3. Key Distribution & Decryption

Shutter Keypers → P2P Network → Message Handler → Transaction Handler
       │              │              │                    │
       │              │              └── Update Status    │
       └── Broadcast  │                       │           │
           Keys       └── DecryptionKeys      │           │
                                              └── Status: decrypted

4. Verification & Finalization

Transaction Verifier → Ethereum Node → Transaction Handler
         │                   │               │
         │                   └── Query       │
         └── Check Status          │         │
                                   └── Update Status
                                        (finalised/blocked)

⚙️ Configuration

Contract Addresses

The sequencer integrates with Shutter Network smart contracts:

• KeyperSetManager: Manages cryptographic epochs and keyper sets
• KeyBroadcast: Distributes eon public keys for encryption
• MEV-Commit: Provider network for bid submission and commitments

🚀 Quick Start

1. Environment Setup

# Copy configuration template
cp sequencer/config.env.example sequencer/.env

# Update configuration with your values
nano sequencer/.env

2. Build & Run

cd sequencer
chmod +x start.sh
./start.sh

3. Submit Test Transaction

# Submit encrypted transaction
curl -X POST http://localhost:8545 \
  -H "Content-Type: application/json" \
  -d '{
    "jsonrpc": "2.0",
    "method": "eth_sendRawTransaction",
    "params": ["0x..."],
    "id": 1
  }'

4. Monitor Status

# Check transaction status via REST API
curl http://localhost:8080/get_decrypted_tx/0x...

Testing

A separate test client is provided in test_client/ for transaction sending:

cd test_client
./run_test.sh

🐳 Docker Setup

Using Docker Compose (Recommended)

1. Environment Configuration

   # Copy the Docker environment template
   cp docker-compose.env.example .env
   
   # Edit configuration with your values
   nano .env

2. Build and Run

   # Build and start the sequencer
   docker compose up --build
   
   # Or run in background
   docker compose up -d --build

3. View Logs

   # View logs
   docker compose logs -f sequencer
   
   # Stop the service
   docker compose down

Manual Docker Commands

If you prefer to use Docker directly:

# Build the image
docker build -t primev-sequencer .

# Run the sequencer container with configurable environment variables
docker run -p 8545:8545 -p 8080:8080 -p 23003:23003 \
  --network primev-poc_default \
  -e UPSTREAM_RPC_URL="https://0xrpc.io/hoodi" \
  -e LOG_LEVEL="info" \
  -e VERIFICATION_INTERVAL="10s" \
  -e BIDDER_NODE_ADDRESS="0x1234567890123456789012345678901234567890" \
  -e P2P_KEY="your_p2p_private_key_here" \
  primev-sequencer

# Note: For a complete setup, you'll also need to run the bidder container manually
# and ensure proper networking between containers. Docker Compose is recommended.

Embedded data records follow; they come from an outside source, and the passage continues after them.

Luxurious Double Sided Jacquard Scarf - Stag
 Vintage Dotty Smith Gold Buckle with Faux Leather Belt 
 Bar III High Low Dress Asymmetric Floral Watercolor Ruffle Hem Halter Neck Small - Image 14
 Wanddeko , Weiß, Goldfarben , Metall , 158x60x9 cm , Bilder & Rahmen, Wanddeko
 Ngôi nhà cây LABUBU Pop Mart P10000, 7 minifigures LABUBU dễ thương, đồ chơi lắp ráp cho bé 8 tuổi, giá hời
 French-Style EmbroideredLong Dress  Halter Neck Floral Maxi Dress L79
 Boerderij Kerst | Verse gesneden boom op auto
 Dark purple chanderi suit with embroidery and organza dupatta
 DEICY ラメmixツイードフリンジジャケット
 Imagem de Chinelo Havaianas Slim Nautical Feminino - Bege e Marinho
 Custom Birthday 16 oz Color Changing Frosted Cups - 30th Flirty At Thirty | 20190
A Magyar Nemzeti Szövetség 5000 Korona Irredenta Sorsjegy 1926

Configurable Environment Variables

For production deployment, you can configure these environment variables (defaults shown in parentheses):

Sequencer Service:

• UPSTREAM_RPC_URL: Ethereum RPC endpoint for transaction verification (https://0xrpc.io/hoodi)
• LOG_LEVEL: Logging level (info)
• VERIFICATION_INTERVAL: How often to check transaction status on blockchain (10s)
• BIDDER_NODE_ADDRESS: Your bidder node address (0x1234567890123456789012345678901234567890)
• P2P_KEY: Your libp2p private key for P2P networking (your_p2p_private_key_here)

Bidder Service:

• DOMAIN: MEV-commit domain (testnet.mev-commit.xyz)
• SETTLEMENT_RPC_URL: Settlement layer RPC URL (https://chainrpc.testnet.mev-commit.xyz/)
• LOG_LEVEL: Logging level (info)
• LOG_FMT: Log format (text)
• AUTO_DEPOSIT_AMOUNT: Automatic deposit amount in wei (1000000000000000000)

Ports

• 8545: Ethereum JSON-RPC API (encrypted transaction submission)
• 8080: REST API (transaction status and decryption)
• 23003: P2P networking (Shutter Network communication)

Health Checks

The Docker container includes health checks that verify the REST API is responding. You can monitor the health status with:

docker ps
# Look for "healthy" status in the STATUS column